* [Data to process]:
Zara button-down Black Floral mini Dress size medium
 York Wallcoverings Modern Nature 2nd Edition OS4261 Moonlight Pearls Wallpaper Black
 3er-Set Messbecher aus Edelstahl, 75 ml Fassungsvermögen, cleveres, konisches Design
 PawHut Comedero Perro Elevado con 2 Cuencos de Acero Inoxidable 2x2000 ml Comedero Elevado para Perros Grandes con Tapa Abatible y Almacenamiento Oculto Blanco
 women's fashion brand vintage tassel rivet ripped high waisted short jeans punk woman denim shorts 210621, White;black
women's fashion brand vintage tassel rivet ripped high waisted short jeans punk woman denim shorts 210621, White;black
--
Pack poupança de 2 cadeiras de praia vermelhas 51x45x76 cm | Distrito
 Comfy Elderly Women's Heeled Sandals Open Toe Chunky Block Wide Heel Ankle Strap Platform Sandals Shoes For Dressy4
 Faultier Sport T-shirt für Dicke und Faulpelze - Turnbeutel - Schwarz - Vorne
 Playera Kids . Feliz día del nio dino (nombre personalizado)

* [What is expected]:
Return, word for word, the lines of the data above from the line with "Pack poupança de" through the line with "Playera Kids .", inclusive.

* [Solved exercise]:
Pack poupança de 2 cadeiras de praia vermelhas 51x45x76 cm | Distrito
 Comfy Elderly Women's Heeled Sandals Open Toe Chunky Block Wide Heel Ankle Strap Platform Sandals Shoes For Dressy4
 Faultier Sport T-shirt für Dicke und Faulpelze - Turnbeutel - Schwarz - Vorne
 Playera Kids . Feliz día del nio dino (nombre personalizado)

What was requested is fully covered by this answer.